- The Washington Times - Wednesday, April 3, 2013

An 8-year-old Tennessee girl has missed 24 days of school so far this year, all because she keeps getting sent home because of her foul odor.

The second-grader’s mother, Krystal Hensley, told WJHL that officials at the unidentified Washington County school continue to send her daughter home.

“They just say it’s a foul odor,” Ms. Hensley said. “She takes a bath every day, but they ask her when the last time she took a bath was and she don’t remember. She’s been to the doctor and it’s not a medical problem. They send her home at least once a month. You go to school to learn, not to be sent home.”

The issue has become a major problem for the girl’s teachers and fellow students as well.

“We have made repeated attempts to address a foul odor that [the girl] has been [emitting],” the first suspension notice provided to the station. “This is not being resolved. Other students and teachers are complaining, saying that they can not focus on school activities. We are taking this action because this is disruptive to the school program. If corrective measures are not taken then suspensions will continue.”

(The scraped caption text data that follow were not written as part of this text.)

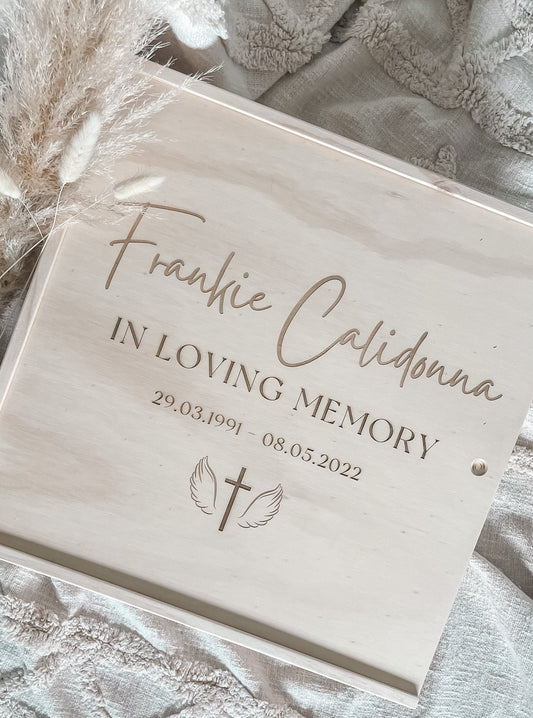 Memorial Keepsake Box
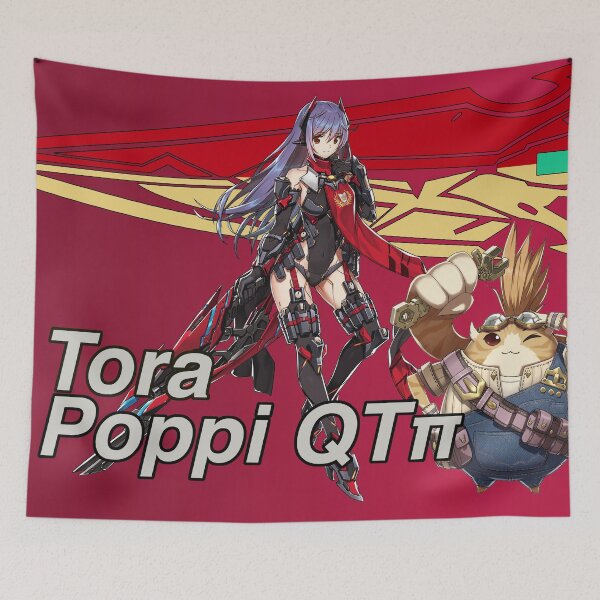 Item preview, Tora and Poppi QTπ (Xenoblade Chronicles 2) designed and sold by VelvetZone.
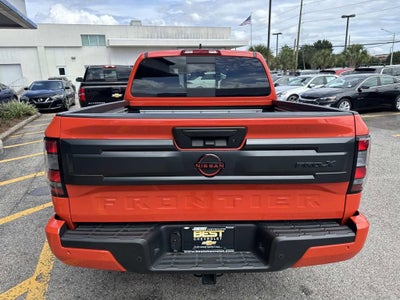 2025 Nissan Frontier PRO-X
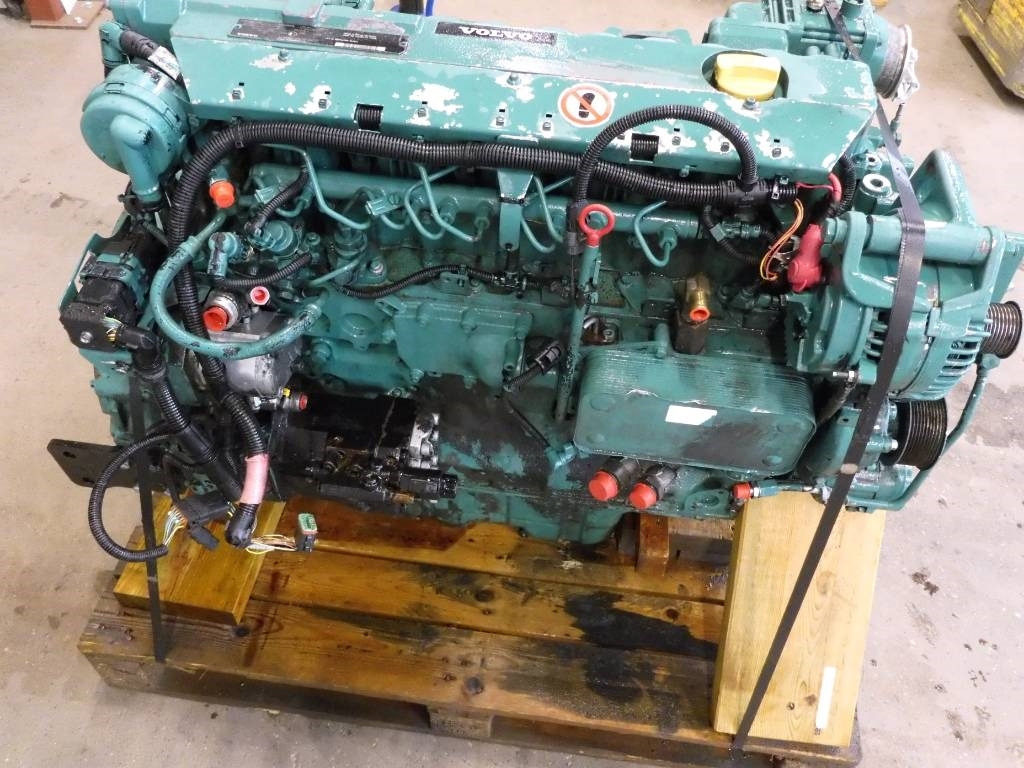 Motor D6E EHE3 Volvo EW210 - Двигатель для Строительной техники: фото 1 Motor D6E EHE3 Volvo EW210 - Двигатель для Строительной техники: фото 1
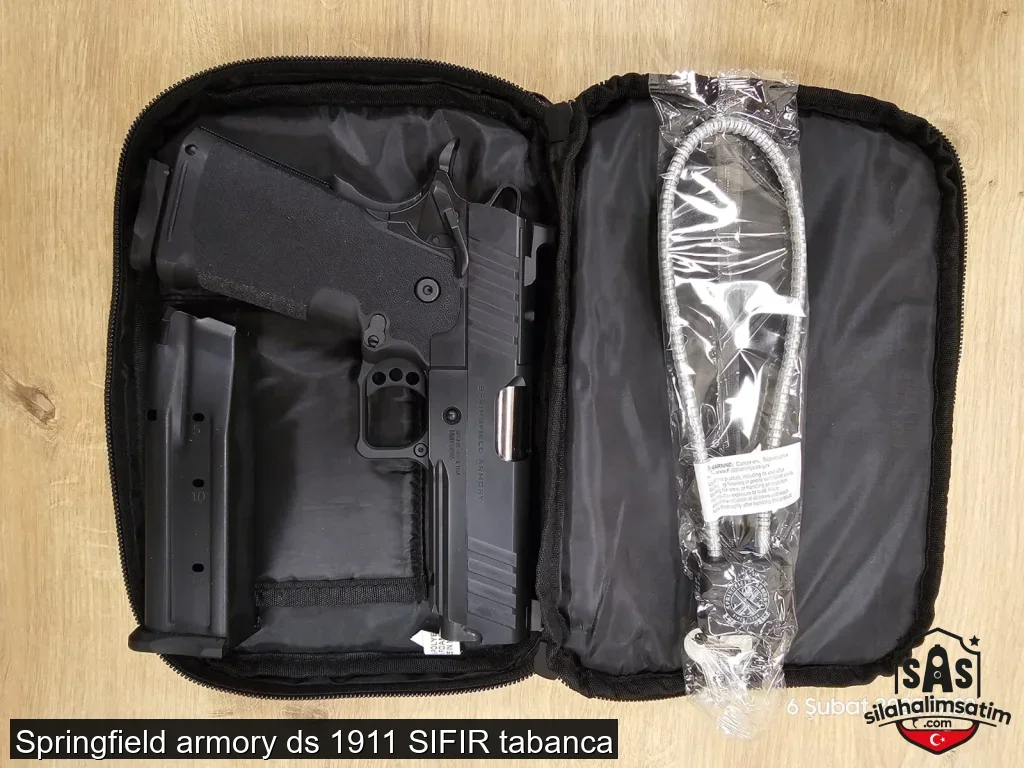 Springfield armory ds 1911 SIFIR tabanca - 3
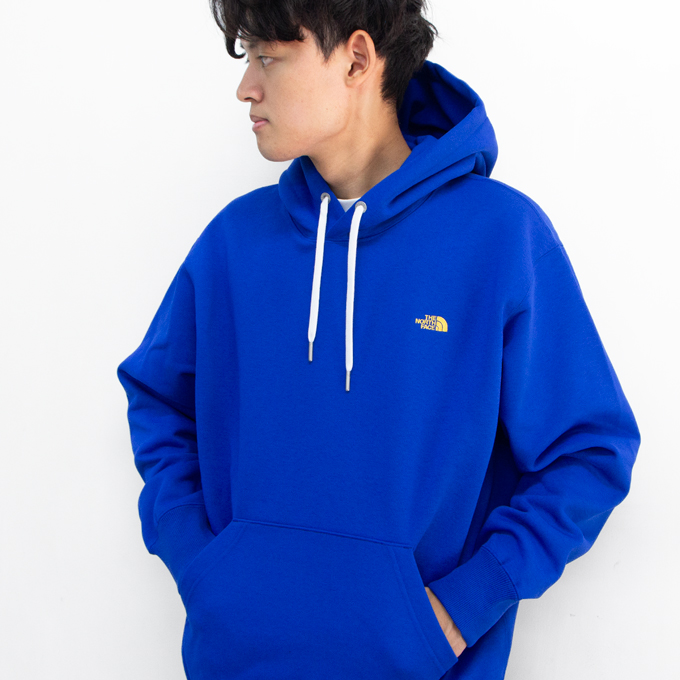 THE NORTH FACE ザ・ノース・フェイス Small Logo Heather Sweat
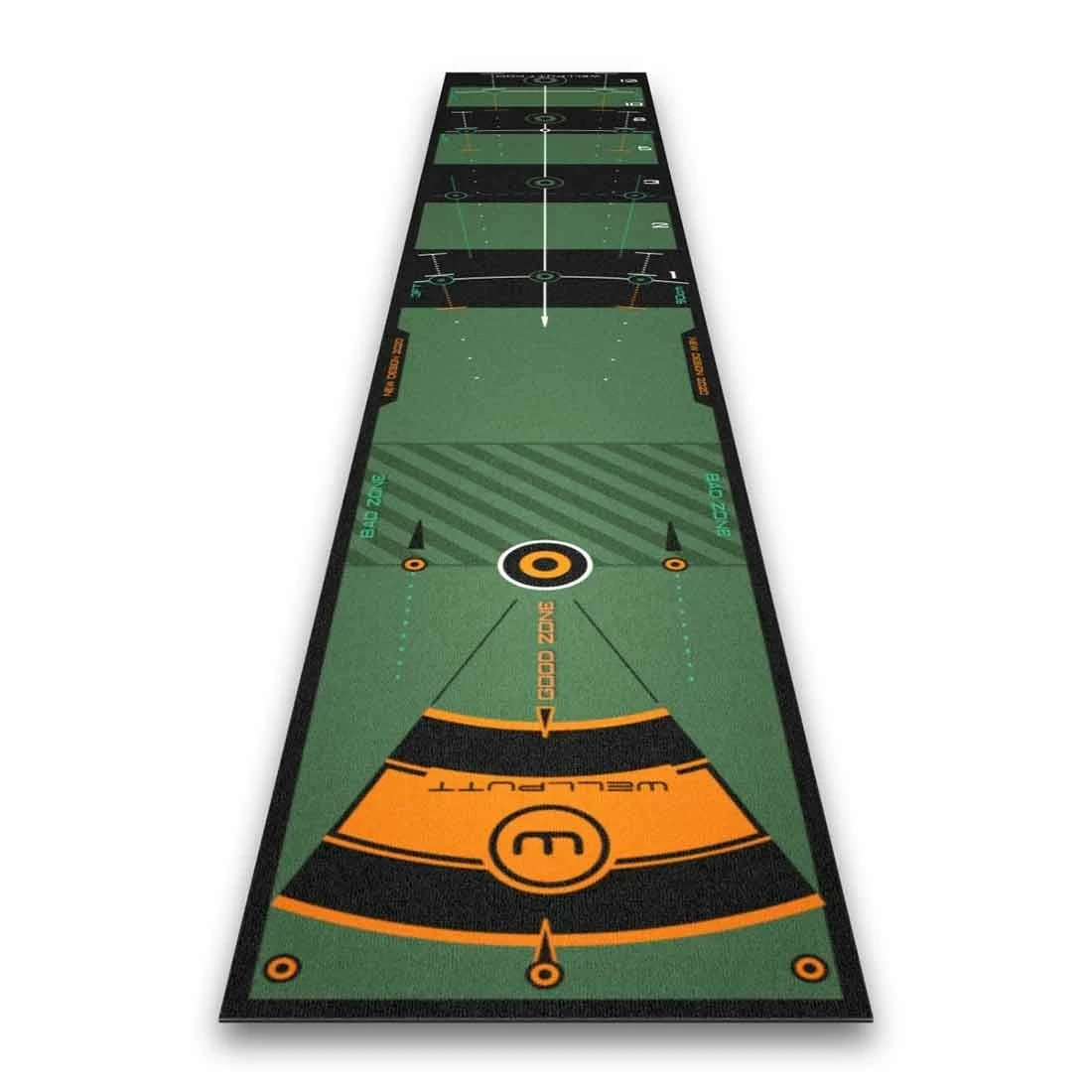 Wellputt 10-Foot High Speed Mat 2 Wellputt 10-Foot High Speed Mat - Image 2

The student was suspended two more times in October, twice in December, once in February and then again last week, WJHL reports. The school system listed a variety of reasons why: “Did not bathe yesterday or today, Could not remember the last time she took a bath, and sleeps in clothes.”

Ron Dykes, Washington County director of schools, would not talk about the specific case, but he said that a child is sent home only in “rare” situations when a family refuses to use proper hygiene.

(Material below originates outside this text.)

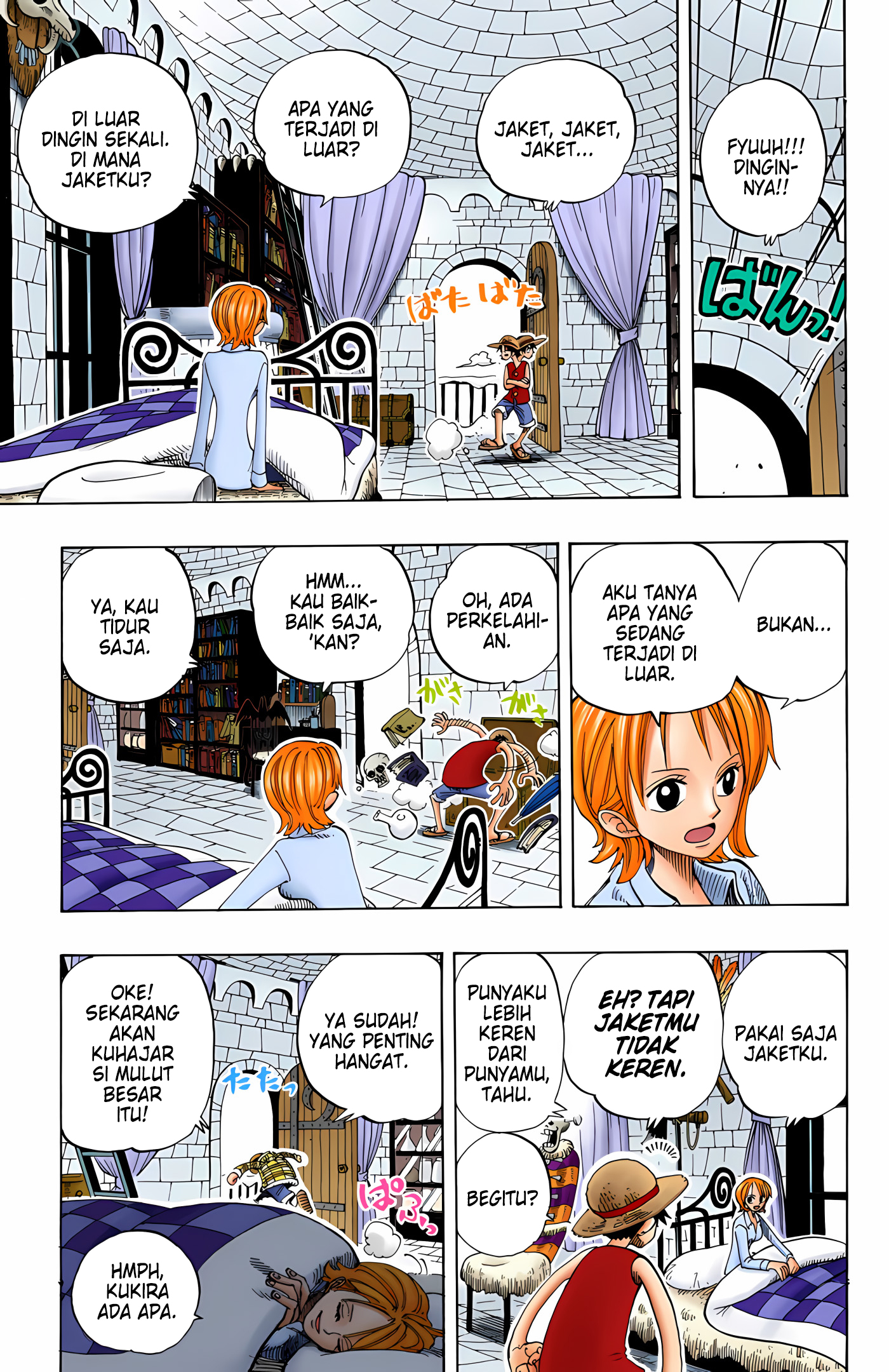 One Piece (Official Colored) Chapter 146 - halaman 17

“In those cases, they are very extreme and to be quite frank the odor is so overpowering and extremely offensive to other children and adults so some sort of home bound program is used or the child will be removed temporarily from the school until the family complies,” Mr. Dykes told WJHL.

The girl’s mother says the Department of Children Services did investigate at one point, but DCS Communications Director Molly Sudderth said the agency has since closed the case.